• **TASK STATEMENT**
The required output is the lines below from the line containing "Capybara Highlights Poster (Ecke)" to the line containing "Page #294 background image", inclusive, retyped exactly. No other lines belong in it.

• **RECORDS SHOWN**
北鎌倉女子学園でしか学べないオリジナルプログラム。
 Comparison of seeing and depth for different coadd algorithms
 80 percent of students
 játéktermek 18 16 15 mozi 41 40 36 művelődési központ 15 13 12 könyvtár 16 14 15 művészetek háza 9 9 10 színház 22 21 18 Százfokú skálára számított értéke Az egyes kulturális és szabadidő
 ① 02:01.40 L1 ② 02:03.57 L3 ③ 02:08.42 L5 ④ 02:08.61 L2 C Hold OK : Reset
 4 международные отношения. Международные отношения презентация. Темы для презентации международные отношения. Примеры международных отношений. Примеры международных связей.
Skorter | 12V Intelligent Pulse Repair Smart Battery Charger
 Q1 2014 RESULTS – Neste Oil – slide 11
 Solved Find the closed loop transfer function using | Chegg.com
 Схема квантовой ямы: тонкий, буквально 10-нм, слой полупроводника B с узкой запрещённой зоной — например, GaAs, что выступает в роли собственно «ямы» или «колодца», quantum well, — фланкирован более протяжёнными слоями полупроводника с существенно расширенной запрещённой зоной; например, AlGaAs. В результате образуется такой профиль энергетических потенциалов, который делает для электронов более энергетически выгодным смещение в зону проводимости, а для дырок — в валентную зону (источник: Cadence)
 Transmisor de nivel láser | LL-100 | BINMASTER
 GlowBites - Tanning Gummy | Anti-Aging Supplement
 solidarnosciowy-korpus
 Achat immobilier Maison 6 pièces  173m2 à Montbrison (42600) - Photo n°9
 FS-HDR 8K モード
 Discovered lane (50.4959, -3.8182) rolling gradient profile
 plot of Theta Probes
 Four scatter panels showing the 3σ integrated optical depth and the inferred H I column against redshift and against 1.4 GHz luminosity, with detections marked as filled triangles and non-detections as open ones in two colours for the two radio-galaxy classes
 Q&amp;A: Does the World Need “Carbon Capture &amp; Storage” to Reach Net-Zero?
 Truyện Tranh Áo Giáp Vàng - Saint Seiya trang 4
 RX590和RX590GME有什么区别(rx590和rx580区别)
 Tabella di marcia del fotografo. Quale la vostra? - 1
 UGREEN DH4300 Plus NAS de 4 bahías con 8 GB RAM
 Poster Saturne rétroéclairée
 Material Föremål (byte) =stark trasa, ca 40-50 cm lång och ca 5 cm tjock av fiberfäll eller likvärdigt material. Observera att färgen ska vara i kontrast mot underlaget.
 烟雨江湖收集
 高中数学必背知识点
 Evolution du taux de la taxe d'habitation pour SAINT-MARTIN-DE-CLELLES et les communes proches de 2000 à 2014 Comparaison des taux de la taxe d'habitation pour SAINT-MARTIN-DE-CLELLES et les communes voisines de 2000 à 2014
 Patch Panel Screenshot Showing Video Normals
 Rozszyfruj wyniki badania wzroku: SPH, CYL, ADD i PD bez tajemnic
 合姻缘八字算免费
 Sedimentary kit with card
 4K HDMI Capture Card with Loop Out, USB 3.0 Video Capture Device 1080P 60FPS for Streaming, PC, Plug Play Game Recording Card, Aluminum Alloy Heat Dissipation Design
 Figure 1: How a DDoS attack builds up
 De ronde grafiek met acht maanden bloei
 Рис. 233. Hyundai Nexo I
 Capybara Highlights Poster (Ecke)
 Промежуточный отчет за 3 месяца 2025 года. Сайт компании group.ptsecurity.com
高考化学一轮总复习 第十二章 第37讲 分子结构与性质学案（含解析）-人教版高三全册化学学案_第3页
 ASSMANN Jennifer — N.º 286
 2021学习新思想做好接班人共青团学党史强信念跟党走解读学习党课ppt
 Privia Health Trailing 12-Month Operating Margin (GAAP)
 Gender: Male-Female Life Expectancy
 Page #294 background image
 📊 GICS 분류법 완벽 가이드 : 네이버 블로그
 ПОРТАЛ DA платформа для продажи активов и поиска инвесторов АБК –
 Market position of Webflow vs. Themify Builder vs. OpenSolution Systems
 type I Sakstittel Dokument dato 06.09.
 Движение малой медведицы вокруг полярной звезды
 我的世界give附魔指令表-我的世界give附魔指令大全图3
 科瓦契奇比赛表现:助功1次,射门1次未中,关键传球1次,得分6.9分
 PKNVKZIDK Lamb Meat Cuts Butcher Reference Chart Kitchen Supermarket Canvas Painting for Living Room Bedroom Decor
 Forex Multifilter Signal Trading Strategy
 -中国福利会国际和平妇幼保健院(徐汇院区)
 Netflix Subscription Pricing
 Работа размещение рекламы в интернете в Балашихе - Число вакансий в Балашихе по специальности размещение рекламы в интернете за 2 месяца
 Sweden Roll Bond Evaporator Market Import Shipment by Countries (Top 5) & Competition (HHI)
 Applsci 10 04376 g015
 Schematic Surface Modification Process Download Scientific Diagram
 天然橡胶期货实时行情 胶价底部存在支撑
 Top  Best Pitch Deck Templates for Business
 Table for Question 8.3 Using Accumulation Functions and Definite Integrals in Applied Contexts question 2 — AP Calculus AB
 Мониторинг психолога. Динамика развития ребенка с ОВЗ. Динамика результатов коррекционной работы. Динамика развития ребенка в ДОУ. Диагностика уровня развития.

• **ANSWER FOR THE TASK**
 Capybara Highlights Poster (Ecke)
 Промежуточный отчет за 3 месяца 2025 года. Сайт компании group.ptsecurity.com
高考化学一轮总复习 第十二章 第37讲 分子结构与性质学案（含解析）-人教版高三全册化学学案_第3页
 ASSMANN Jennifer — N.º 286
 2021学习新思想做好接班人共青团学党史强信念跟党走解读学习党课ppt
 Privia Health Trailing 12-Month Operating Margin (GAAP)
 Gender: Male-Female Life Expectancy
 Page #294 background image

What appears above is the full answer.